Photo by mondolind via the LAist Featured Photos pool on Flickr
Many teachers, union leaders, students, and parents are crying foul as the LAUSD Board of Education is slated to vote tomorrow on the controversial School Choice proposal, which will allow non-profits, companies, and other interested parties to apply for control of troubled schools in the troubled district. The plan was authored and spearheaded by Board VP Yolie Flores Aguilar, and is being touted as a vital component of "reform" by Mayor Antonio Villaraigosa.In an Op-Ed published yesterday in the Daily News, education advocate Robert Skeels raises several questions about the process by which the plan has been put forth, including why so many concerned parents and community members were "locked out" of two recent "town hall" style meetings, and why this proposal is being pushed through without more debate. Many people also question how passing off control of the schools is actual reform, particularly when the LAUSD itself is invited to propose plans for any given school's control, and it is the LAUSD itself who votes on the awarding of stewardship. Further, many question the efficacy of schools run by organizations with heavy financial backing and how seduced the Board might be by their proposals, such as in the case of the Green Dot-run schools already in the LAUSD.
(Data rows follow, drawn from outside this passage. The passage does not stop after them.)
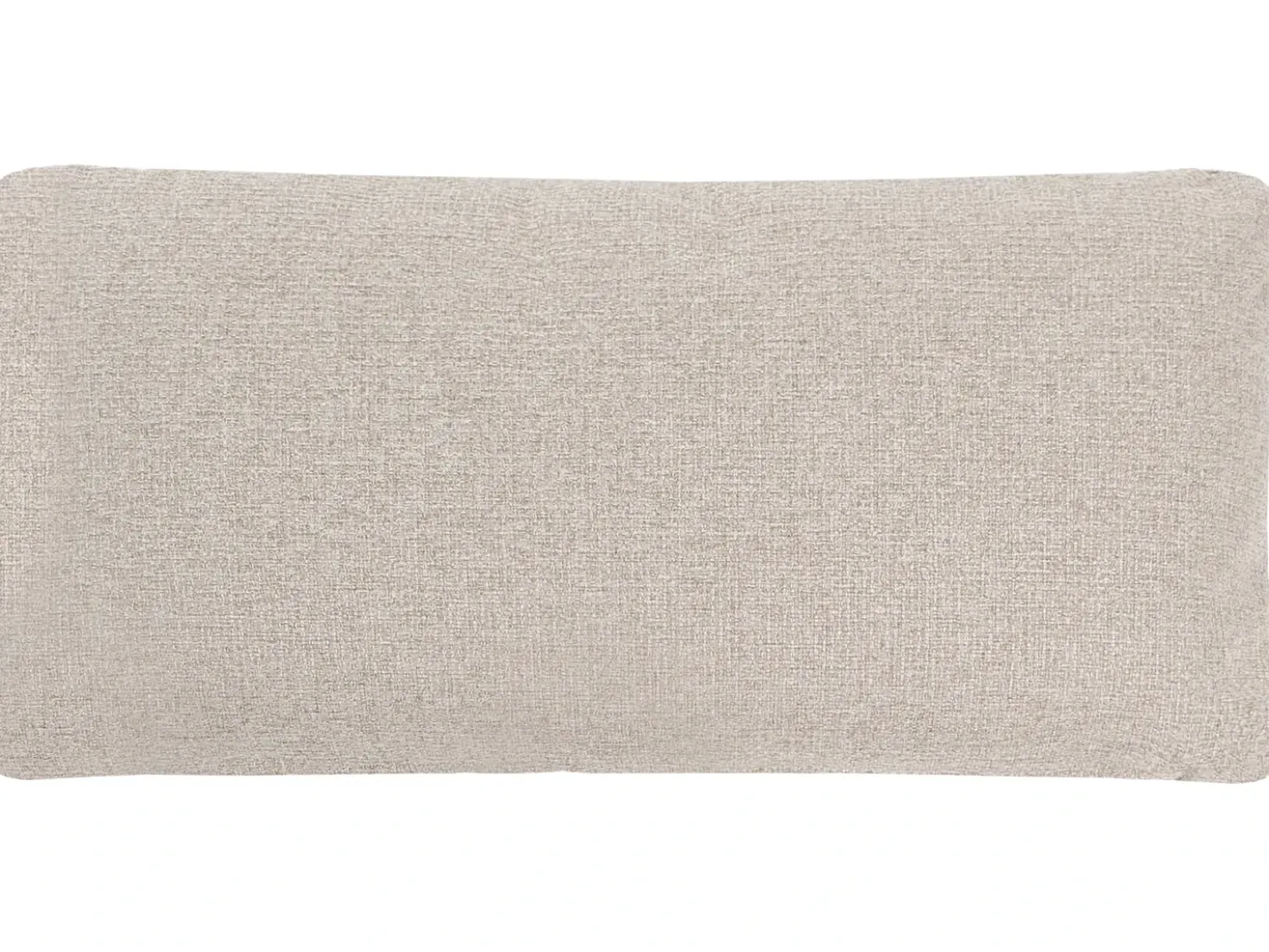 Modulo Angolare EGERIS Tessuto Beige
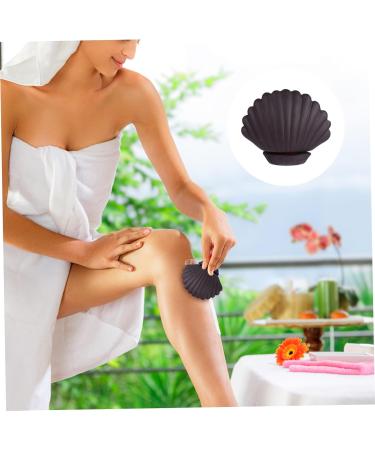 Frcolor Moxibustion Stick - Premium Chinese Moxa Health & Wellness Tool for Spa & Massage | International Shipping - Buy Online on GoSupps.com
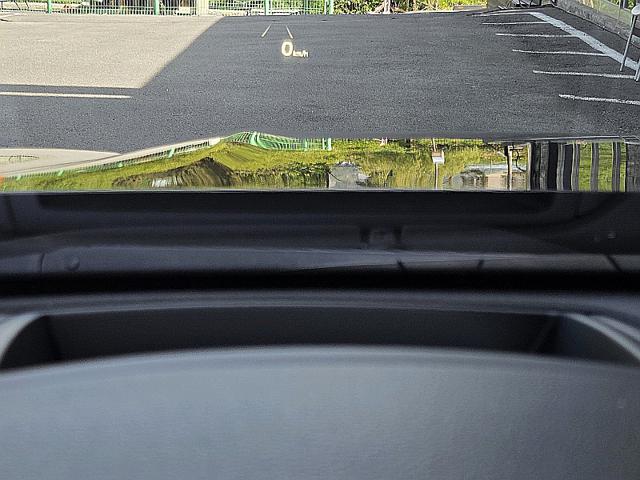 f42e5fc45eee3e50c16c42399115ebca.jpeg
An anonymous LA Times Editorial, however, enthusiastically endorses the School Choice proposal, noting this gives the LAUSD and opportunity to "usher in a transformative era, shedding the district's traditional role as a monolithic operator of schools and instead becoming a clearinghouse for creative educational models run by a variety of groups." The author goes on to call suggested amendments proposed by Board members LaMotte and Zimmer "poison pills" that undermine the proposal's goals and cater to unions, as well as dismiss the input of the high school students, whose approval must be sought in shifting control of their schools: "And since when do we hand power over policy decisions to teens, whose top priority tends to be keeping school uniforms off campus?"

The LAUSD Board of Education will vote on the proposal tomorrow at the regularly scheduled meeting.